If the property owner is not a willing seller, the government can exercise its rights to acquire the land through eminent domain.

What are the tools for granting access?

Sale or donation of easements or partial property interest: Easements allow the right to the use of real property interest of another for a specific purpose. There are a number of kinds of easements and ways that they can address access, including conservation easements, development rights, and floating easements. Because easements do not require the entire parcel, they are significantly cheaper than full title acquisition and are becoming an important and increasingly common tool for addressing coastal access needs. More on Easements.

Developing covenants or written promises about the land: Covenants can be used to specifically address ways that landowners legally promise to address water access on their land. Some examples include:

  • Working Waterfront Covenant
  • Restrictive Covenant

What existing programs can help with the transfer of land that includes access rights?

Coastal and Estuarine Land Conservation Program (CELCP) – Established in 2002 to provide funding for the acquisition and conservation of coastal and estuarine land with protecting important coastal land with significant conservation, recreation, ecological, historical, or aesthetic values, or that are threatened by conversion from their natural or recreational state to other uses, giving priority to lands which can be effectively managed and protected and that have significant ecological. Funding is administered by NOAA’s Office of Coastal Resource Management and is available to state and local governments with matching funds to purchase coastal and estuarine lands, or conservation easements on such lands, from willing sellers. For more information:

Department of Conservation and Recreation – The Land and Water Conservation Fund Act of 1965 established a federal reimbursement program for the acquisition and/or development of public outdoor recreation areas. The Land and Water Conservation Fund (LWCF) is administered in Virginia by the Department of Conservation & Recreation (DCR) for the National Park Service. The program represents a federal, state and local partnership. A key feature of the program is that all LWCF assisted areas must be maintained and opened, in perpetuity, as public outdoor recreation areas. This requirement ensures their use for future generations.

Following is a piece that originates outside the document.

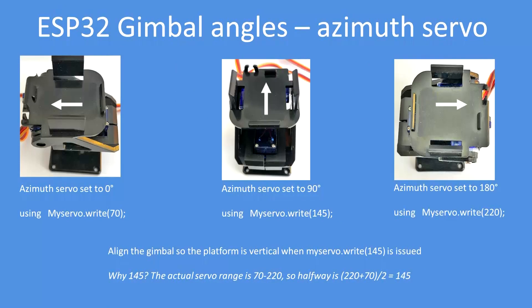Similarly, on the azimuth servo setup it will travel approximately 180 degrees, from 70 to 220. Again, 145 is when it's at ostensibly 90 degrees of azimuth — i.e., pointing to the midday sun.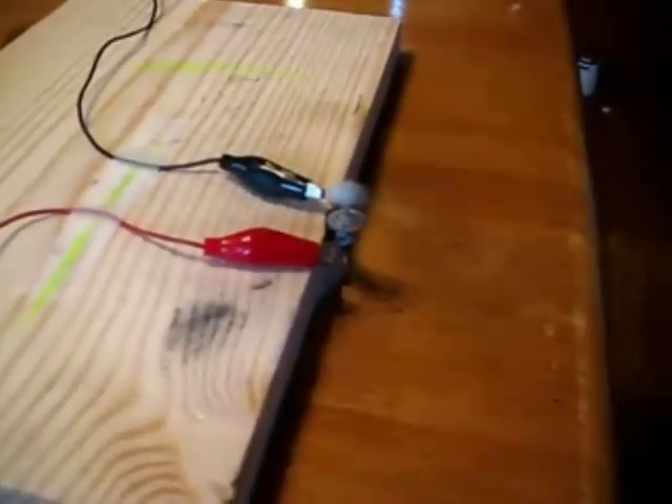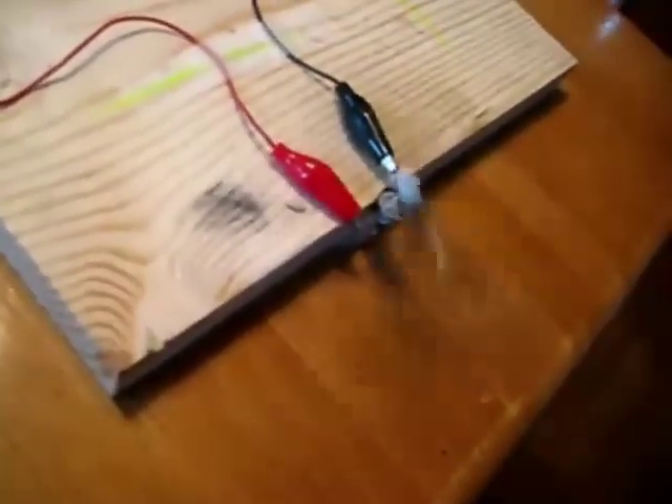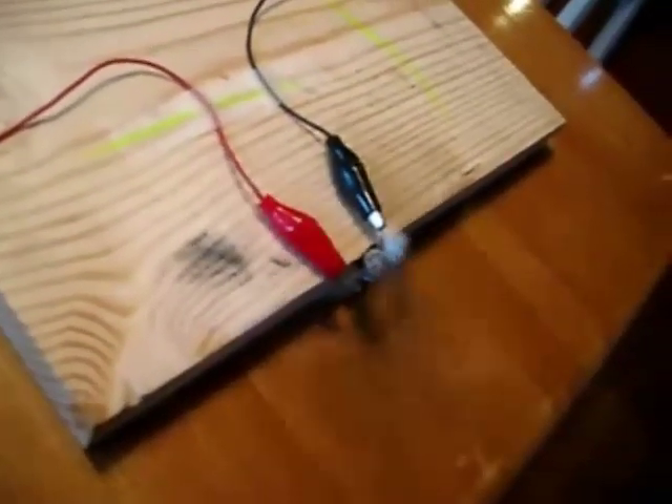I've had this thing going for around 3 hours now. It's still running very well. I'm pretty excited about it. I'm going to go ahead and see what else I can run off this Earth battery current. Pretty cool stuff.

Virginia Department of Transportation (VDOT) – VDOT is responsible for building, maintaining and operating the state’s roads, bridges and tunnels. And, through the Commonwealth Transportation Board it provides funding for airports, seaports, rail and public transportation. The PAA has worked closely with VDOT to identify road endings/terminus points that could yield access to public waters. Currently the PAA is working with VDOT to acquire the first of numerous road endings.

Land Trusts – Land Trusts and conservation organizations can serve as third party interests in addressing access issues. For more information, contact the Middle Peninsula Land Trust, the Virginia Outdoors Foundation, Land Trust of Virginia and/or Friends of Dragon Run.

Supporting Programs

Virginia Coastal Zone Management Program – Is part of the national Coastal Zone Management (CZM) program, Virginia CZM Program was established in 1986 to protect and manage Virginia’s “coastal zone.” VA CZM provides funds for coastal resource protection and sustainable use initiatives, as well as coastal management coordination.

Coastal and Estuarine Land Conservation Program (CELCP) – Established in 2002, the CELCP provides funding for the acquisition and conservation of coastal and estuarine land with significant conservation, recreation, ecological, historical, or aesthetic values, or that are threatened by conversion from their natural or recreational state to other uses. The program gives funding priority to lands which can be effectively managed, protected and that have ecological significance. Funding is administered by NOAA’s Office of Coastal Resource Management and is available to state and local governments with matching funds to purchase coastal and estuarine lands, or conservation easements on such lands, from willing sellers.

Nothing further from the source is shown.